======== MATERIAL FOR THIS TASK ========

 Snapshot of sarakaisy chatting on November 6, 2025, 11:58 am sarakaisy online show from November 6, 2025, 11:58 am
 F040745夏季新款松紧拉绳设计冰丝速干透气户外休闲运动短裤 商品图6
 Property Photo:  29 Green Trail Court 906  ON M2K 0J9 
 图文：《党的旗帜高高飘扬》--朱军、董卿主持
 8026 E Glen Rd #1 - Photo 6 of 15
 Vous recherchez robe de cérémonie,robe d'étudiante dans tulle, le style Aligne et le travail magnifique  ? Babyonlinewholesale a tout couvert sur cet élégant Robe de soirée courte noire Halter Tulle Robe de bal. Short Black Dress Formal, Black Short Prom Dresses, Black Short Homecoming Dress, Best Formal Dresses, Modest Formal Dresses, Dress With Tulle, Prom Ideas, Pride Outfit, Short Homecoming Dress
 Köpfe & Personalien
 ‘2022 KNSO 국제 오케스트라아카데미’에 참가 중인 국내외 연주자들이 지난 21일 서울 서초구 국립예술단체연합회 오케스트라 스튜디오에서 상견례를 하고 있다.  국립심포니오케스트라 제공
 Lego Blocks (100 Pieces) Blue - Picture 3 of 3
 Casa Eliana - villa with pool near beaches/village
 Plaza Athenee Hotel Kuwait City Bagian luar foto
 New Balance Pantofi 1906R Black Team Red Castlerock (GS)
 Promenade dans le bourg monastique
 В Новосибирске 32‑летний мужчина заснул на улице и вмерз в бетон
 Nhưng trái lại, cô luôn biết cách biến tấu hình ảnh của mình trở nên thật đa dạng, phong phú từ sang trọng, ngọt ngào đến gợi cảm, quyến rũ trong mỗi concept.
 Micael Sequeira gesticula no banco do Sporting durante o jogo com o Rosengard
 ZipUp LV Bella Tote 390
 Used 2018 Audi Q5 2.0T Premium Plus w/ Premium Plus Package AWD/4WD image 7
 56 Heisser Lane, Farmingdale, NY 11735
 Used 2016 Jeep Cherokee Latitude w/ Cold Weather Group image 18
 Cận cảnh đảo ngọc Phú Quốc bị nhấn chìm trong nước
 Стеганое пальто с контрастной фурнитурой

========

* REQUIRED WORK:
Everything from the line containing "Used 2016 Jeep" through the final line of the records is what you should print, exactly and with nothing added.

* RESULT:
 Used 2016 Jeep Cherokee Latitude w/ Cold Weather Group image 18
 Cận cảnh đảo ngọc Phú Quốc bị nhấn chìm trong nước
 Стеганое пальто с контрастной фурнитурой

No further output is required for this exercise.